• **The data**:
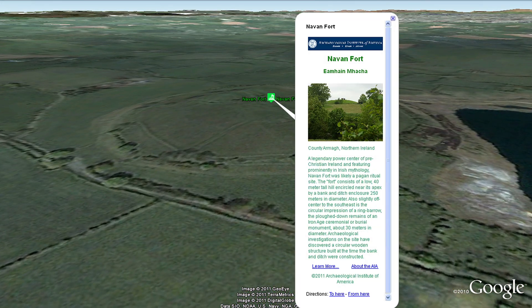Navan Fort is a legendary power center of pre-Christian Ireland, featured prominently in Irish mythology and most likely a pagan ritual site.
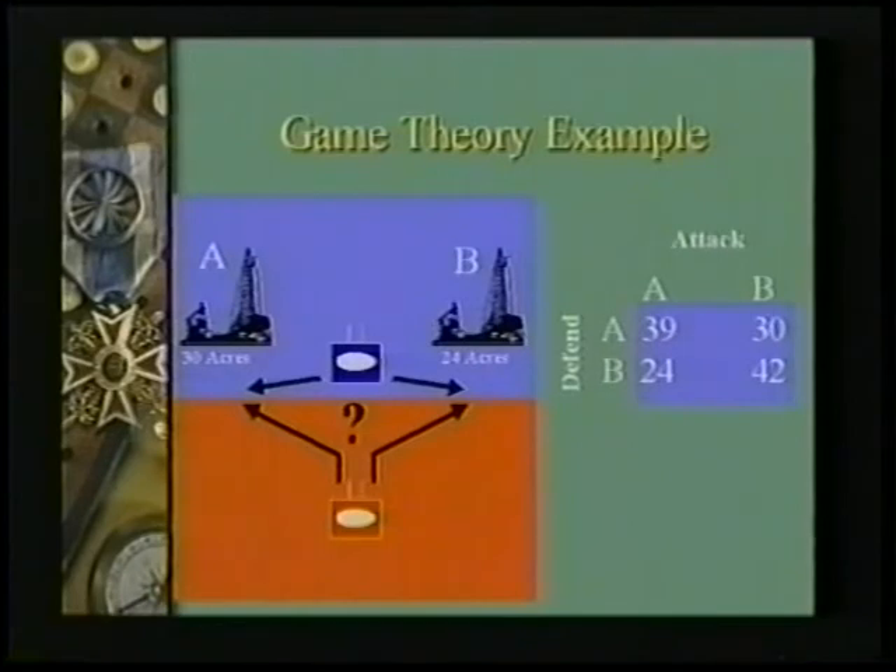How do you arrive at those numbers? If your blue force goes and protects oil field A, he will own all of that acreage, but oil field B will be unprotected. If the enemy shows up at oil field A, he will fight you until he controls half of that oil field. So you will own oil field B — 24 acres — which nobody has challenged you for, and half of oil field A, for 39 acres total.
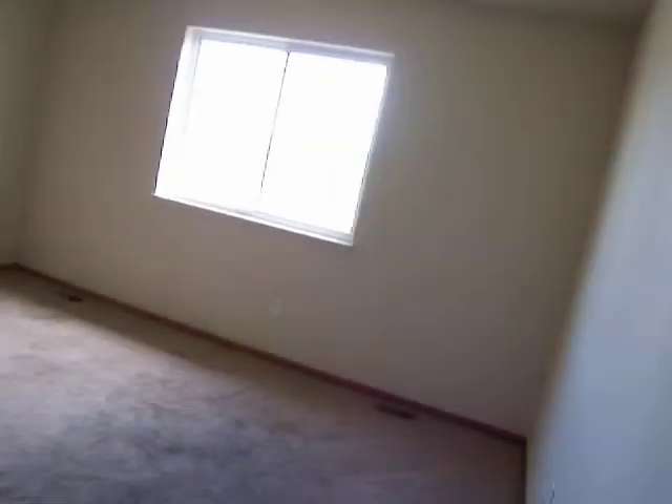Here's the master. The carpet's pretty gross, but it does have a big walk-in closet. The trim here isn't real terribly nice — you've got just kind of cheapo, super hollow, thin doors.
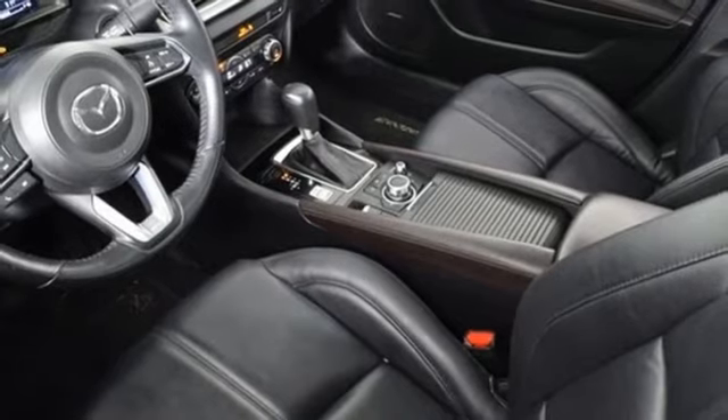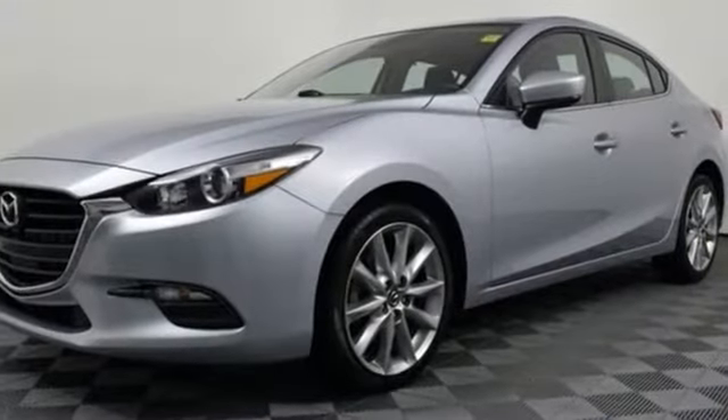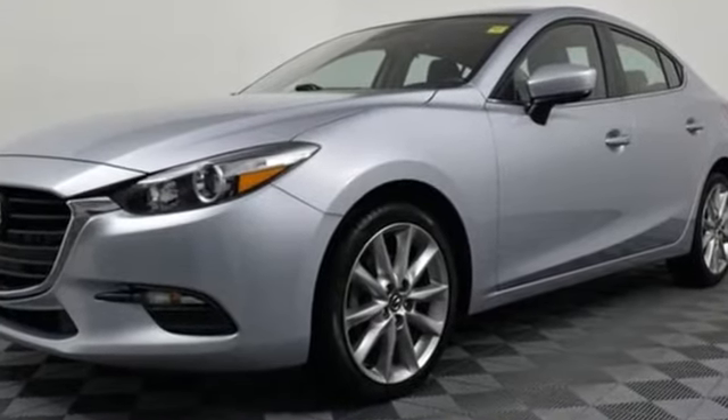Kelley Blue Book calls it exceptionally stylish and fun from day one. For all the things that drive you, there's Mazda. The time is now. See it for yourself today.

• **Exercise description**:
When you write out the material, keep every line exact and leave out each picture.

• **Task solution**:
Navan Fort is a legendary power center of pre-Christian Ireland, featured prominently in Irish mythology and most likely a pagan ritual site.
How do you arrive at those numbers? If your blue force goes and protects oil field A, he will own all of that acreage, but oil field B will be unprotected. If the enemy shows up at oil field A, he will fight you until he controls half of that oil field. So you will own oil field B — 24 acres — which nobody has challenged you for, and half of oil field A, for 39 acres total.
Here's the master. The carpet's pretty gross, but it does have a big walk-in closet. The trim here isn't real terribly nice — you've got just kind of cheapo, super hollow, thin doors.
Kelley Blue Book calls it exceptionally stylish and fun from day one. For all the things that drive you, there's Mazda. The time is now. See it for yourself today.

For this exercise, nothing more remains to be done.